Task to carry out:
Look for the line with "Used 2018 Acura"; please transcribe it and every later line in the entries exactly, up to the end, leaving pictures out.

Supplied material:
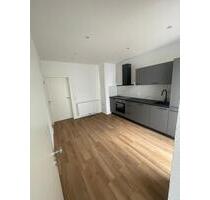 Renovierte 2- Zimmer Wohnung mit Terasse in Contwig - Zweibrücken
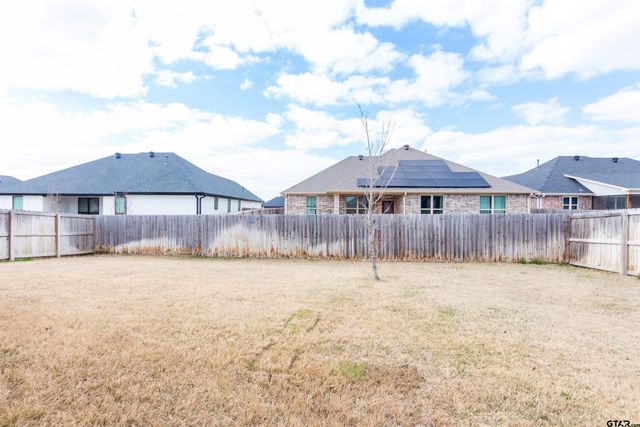 11462 Lindsey Garden Dr, Tyler, TX 75709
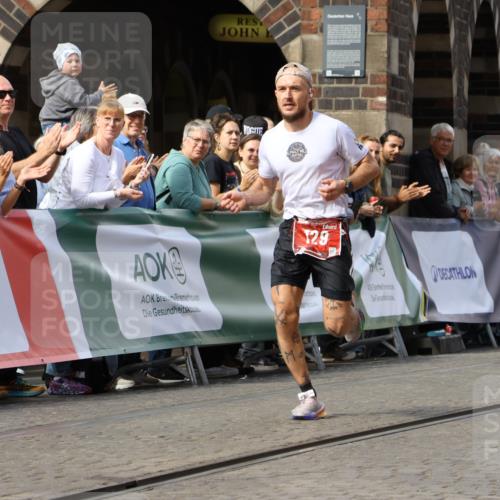 13.09.2026 - 21. swb-Marathon Bremen Strokosch-Dieckow http://msf.ph/oto/10298425 13.09.2026 12:42:11 Ziel 129 meine-sportfotos.de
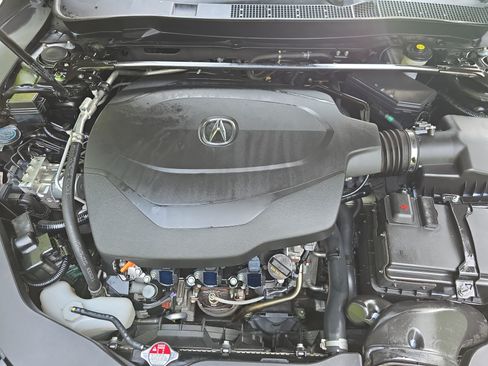 Used 2018 Acura TLX w/ Technology Package FWD image 32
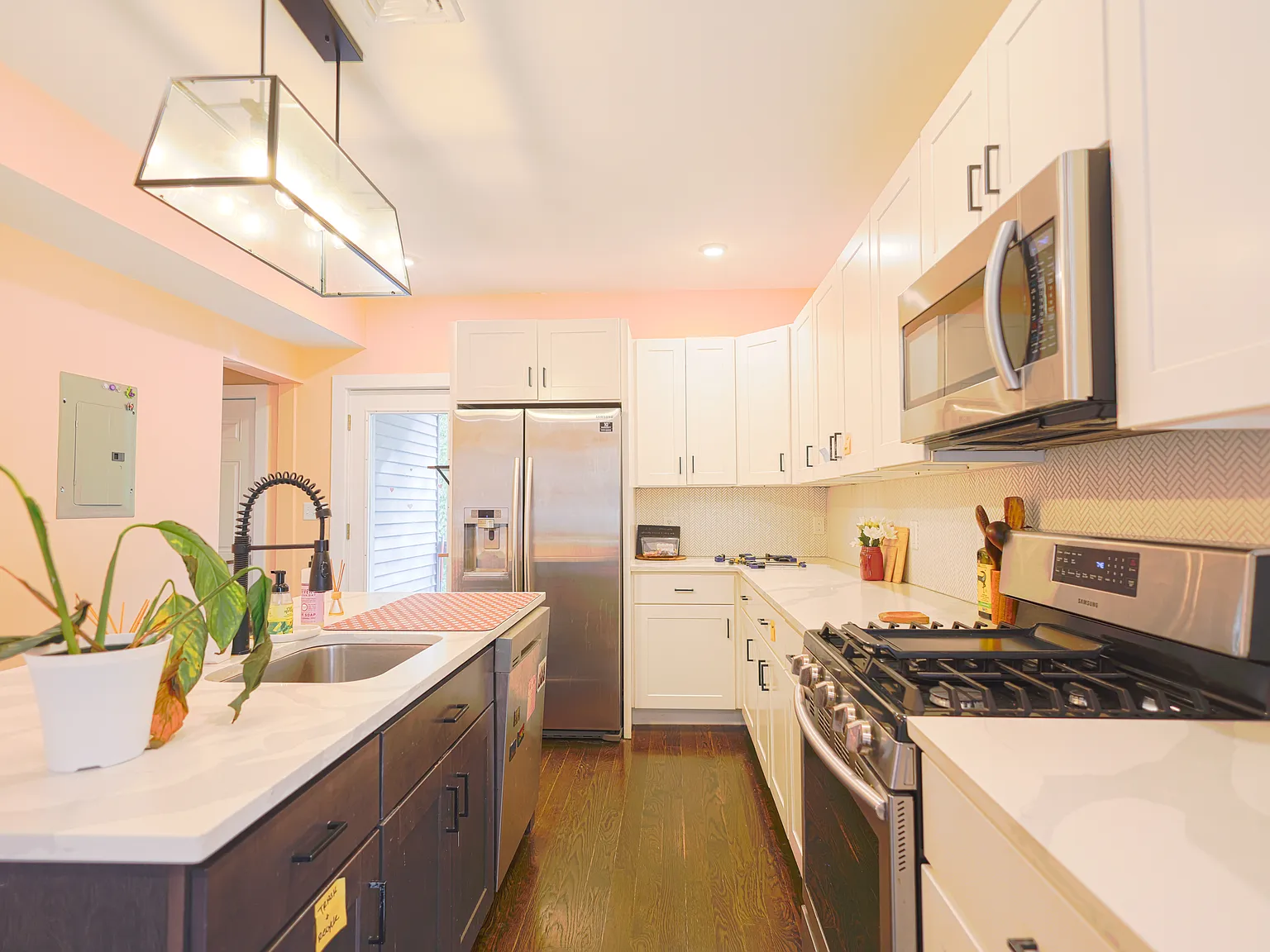 2 bed, 791 sqft, $2,700 — Photo 3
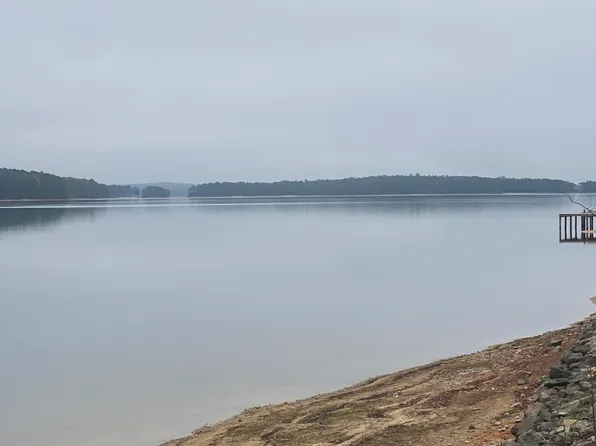 1 Luanne's Point, Alexander City, AL 35010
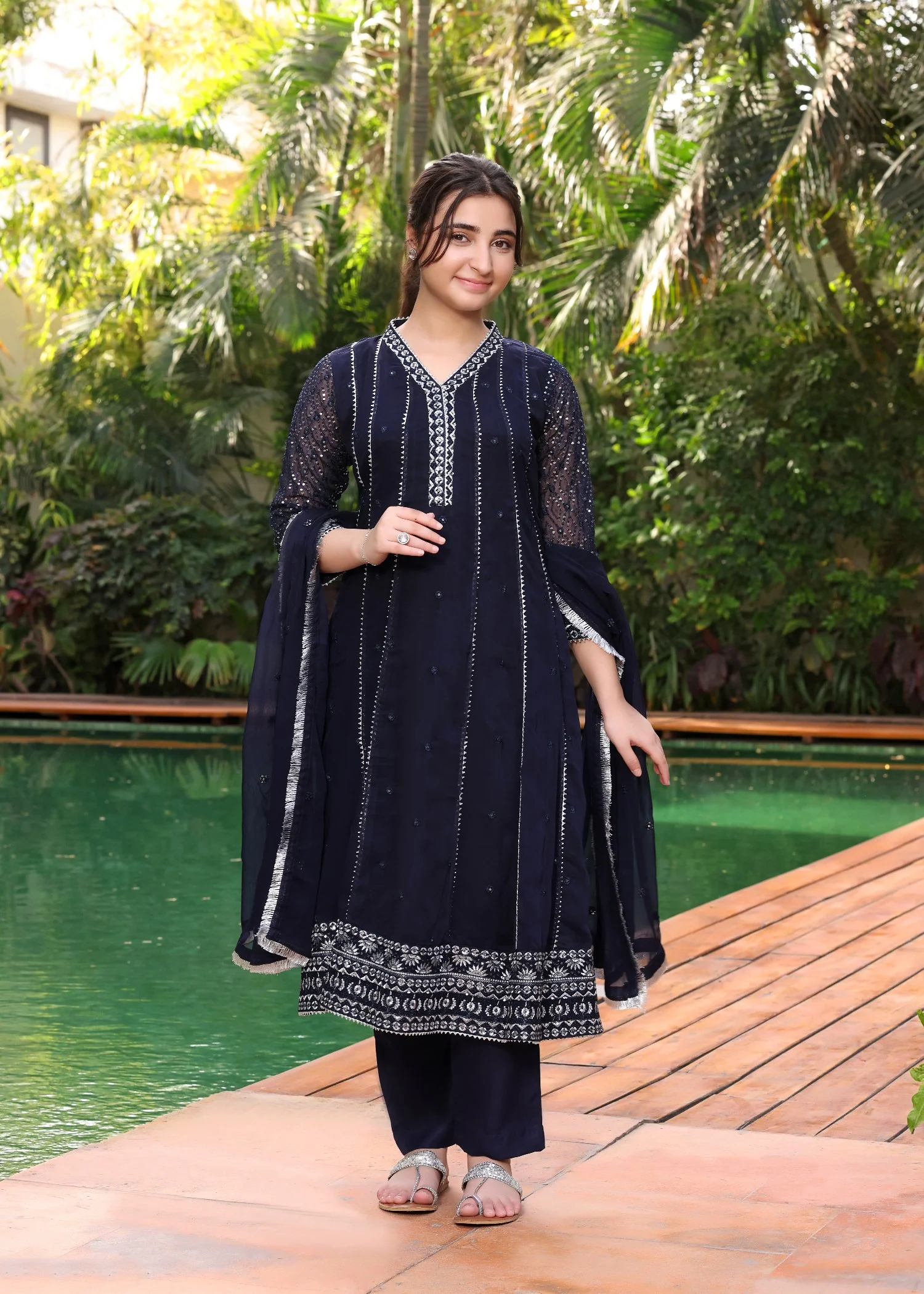 chiffon Pishwas in Navy blue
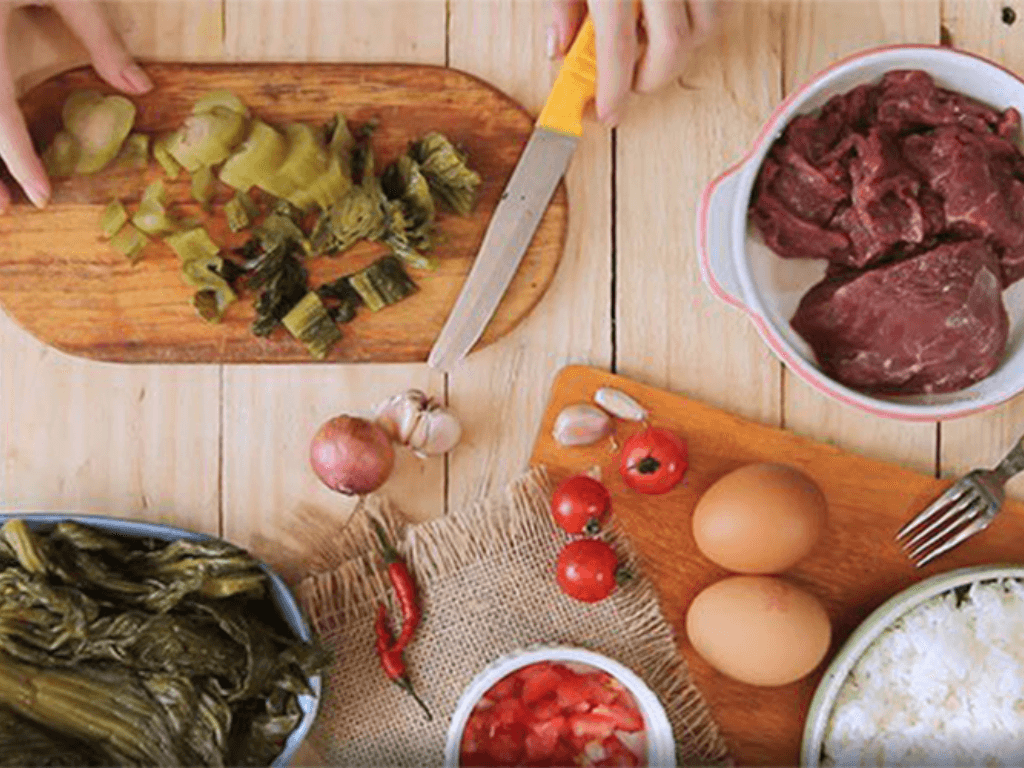 nguyen-lieu-chuan-bi-cho-mon-com-rang-dua-bo-ngon-chuan-vi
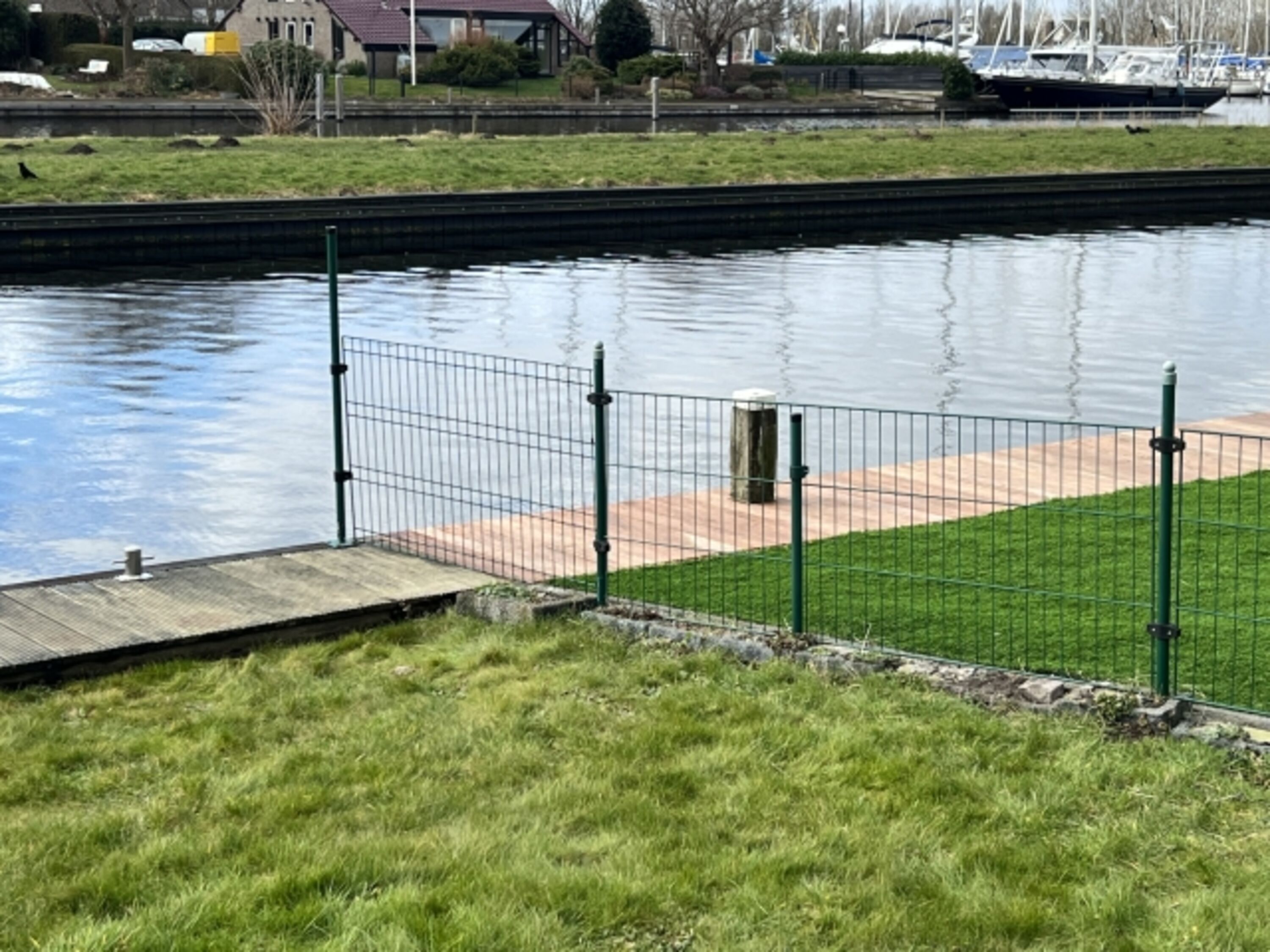 Zaun zum Nachbarn rechts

Task response:
 Used 2018 Acura TLX w/ Technology Package FWD image 32
 2 bed, 791 sqft, $2,700 — Photo 3
 1 Luanne's Point, Alexander City, AL 35010
 chiffon Pishwas in Navy blue
 nguyen-lieu-chuan-bi-cho-mon-com-rang-dua-bo-ngon-chuan-vi
 Zaun zum Nachbarn rechts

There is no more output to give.